:: Data provided ::
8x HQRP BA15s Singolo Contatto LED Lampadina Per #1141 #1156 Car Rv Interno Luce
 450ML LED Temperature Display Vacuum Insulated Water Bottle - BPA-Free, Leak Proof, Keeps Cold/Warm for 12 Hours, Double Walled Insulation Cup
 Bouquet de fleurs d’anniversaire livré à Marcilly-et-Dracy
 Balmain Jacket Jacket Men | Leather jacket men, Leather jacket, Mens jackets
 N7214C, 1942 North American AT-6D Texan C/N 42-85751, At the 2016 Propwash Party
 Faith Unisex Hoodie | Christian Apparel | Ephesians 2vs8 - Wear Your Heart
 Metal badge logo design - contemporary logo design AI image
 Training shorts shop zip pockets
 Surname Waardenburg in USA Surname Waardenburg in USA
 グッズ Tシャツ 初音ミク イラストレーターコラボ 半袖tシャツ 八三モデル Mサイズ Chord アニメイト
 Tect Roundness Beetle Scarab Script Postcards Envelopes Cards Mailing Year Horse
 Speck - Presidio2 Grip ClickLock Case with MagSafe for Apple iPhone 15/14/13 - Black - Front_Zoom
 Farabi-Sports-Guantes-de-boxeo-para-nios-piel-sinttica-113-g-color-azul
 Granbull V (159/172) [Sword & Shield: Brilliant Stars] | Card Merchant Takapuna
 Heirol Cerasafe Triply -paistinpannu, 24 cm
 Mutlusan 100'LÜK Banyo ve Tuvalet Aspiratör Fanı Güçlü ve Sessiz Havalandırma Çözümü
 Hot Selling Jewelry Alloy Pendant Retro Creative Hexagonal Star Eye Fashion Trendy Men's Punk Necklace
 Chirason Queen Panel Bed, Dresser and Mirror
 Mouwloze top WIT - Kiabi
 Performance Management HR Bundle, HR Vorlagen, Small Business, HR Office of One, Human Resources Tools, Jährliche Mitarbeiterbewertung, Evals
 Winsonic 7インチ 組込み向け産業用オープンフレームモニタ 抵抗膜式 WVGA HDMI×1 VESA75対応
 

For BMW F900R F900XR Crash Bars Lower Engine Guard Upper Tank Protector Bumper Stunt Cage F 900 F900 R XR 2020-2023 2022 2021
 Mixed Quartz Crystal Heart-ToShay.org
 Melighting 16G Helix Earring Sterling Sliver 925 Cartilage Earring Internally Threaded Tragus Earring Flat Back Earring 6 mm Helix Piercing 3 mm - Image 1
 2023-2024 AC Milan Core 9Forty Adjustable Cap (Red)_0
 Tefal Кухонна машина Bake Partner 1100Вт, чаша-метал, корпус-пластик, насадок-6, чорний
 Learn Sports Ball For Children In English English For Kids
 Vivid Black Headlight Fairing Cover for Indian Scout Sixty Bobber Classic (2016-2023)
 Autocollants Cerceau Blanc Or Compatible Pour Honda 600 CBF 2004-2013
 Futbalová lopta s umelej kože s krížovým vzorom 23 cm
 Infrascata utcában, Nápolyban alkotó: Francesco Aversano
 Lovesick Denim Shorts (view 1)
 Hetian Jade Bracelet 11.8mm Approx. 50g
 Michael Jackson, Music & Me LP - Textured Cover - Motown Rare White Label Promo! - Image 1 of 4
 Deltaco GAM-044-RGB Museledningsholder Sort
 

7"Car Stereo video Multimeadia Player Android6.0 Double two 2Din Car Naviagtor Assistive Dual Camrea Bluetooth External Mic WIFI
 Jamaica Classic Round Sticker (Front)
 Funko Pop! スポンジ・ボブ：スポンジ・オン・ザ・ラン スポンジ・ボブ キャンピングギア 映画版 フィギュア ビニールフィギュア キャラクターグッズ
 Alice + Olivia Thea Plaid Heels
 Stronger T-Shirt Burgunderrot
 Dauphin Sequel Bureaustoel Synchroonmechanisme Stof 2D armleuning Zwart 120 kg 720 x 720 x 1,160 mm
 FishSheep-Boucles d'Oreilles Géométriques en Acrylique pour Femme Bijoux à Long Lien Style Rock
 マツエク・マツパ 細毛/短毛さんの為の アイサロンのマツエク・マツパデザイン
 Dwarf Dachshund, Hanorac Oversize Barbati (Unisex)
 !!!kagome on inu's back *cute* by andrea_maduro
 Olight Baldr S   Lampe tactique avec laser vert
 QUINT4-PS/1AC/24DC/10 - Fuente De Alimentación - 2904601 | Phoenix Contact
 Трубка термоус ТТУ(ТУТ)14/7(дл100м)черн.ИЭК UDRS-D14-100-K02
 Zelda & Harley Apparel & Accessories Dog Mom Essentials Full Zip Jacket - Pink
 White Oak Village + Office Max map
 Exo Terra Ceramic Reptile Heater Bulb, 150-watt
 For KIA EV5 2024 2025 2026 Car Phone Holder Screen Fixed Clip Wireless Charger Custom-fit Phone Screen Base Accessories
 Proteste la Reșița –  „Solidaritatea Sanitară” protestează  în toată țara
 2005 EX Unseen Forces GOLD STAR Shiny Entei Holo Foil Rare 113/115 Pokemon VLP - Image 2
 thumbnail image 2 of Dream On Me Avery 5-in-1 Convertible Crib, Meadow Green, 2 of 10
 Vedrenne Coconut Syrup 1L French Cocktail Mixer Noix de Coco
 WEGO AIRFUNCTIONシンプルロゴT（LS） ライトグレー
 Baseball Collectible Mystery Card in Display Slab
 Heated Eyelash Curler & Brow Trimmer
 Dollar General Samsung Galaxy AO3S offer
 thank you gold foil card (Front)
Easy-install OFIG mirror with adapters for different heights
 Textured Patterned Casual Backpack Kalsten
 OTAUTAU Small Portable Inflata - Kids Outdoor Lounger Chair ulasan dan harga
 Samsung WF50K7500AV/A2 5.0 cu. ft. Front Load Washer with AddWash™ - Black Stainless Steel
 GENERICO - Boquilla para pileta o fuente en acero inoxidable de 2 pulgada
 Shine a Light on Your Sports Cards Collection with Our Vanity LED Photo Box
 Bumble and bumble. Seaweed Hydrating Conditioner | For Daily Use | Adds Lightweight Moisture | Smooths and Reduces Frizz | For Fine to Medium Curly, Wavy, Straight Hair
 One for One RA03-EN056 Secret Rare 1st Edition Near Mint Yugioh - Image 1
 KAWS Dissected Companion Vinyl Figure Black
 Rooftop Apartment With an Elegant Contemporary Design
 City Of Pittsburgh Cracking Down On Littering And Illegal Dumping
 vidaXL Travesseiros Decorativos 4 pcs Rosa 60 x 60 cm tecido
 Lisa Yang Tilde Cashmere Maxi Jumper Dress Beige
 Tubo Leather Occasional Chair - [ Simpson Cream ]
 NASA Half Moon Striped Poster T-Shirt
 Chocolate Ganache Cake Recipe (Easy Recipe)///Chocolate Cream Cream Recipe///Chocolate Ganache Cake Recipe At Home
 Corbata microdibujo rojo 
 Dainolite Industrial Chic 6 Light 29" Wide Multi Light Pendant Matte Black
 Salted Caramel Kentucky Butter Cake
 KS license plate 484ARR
:::
▶ [Task description]:
Repeat the entries above exactly, from the first line through the line containing "Faith Unisex Hoodie".

▶ [Answer for the task]:
8x HQRP BA15s Singolo Contatto LED Lampadina Per #1141 #1156 Car Rv Interno Luce
 450ML LED Temperature Display Vacuum Insulated Water Bottle - BPA-Free, Leak Proof, Keeps Cold/Warm for 12 Hours, Double Walled Insulation Cup
 Bouquet de fleurs d’anniversaire livré à Marcilly-et-Dracy
 Balmain Jacket Jacket Men | Leather jacket men, Leather jacket, Mens jackets
 N7214C, 1942 North American AT-6D Texan C/N 42-85751, At the 2016 Propwash Party
 Faith Unisex Hoodie | Christian Apparel | Ephesians 2vs8 - Wear Your Heart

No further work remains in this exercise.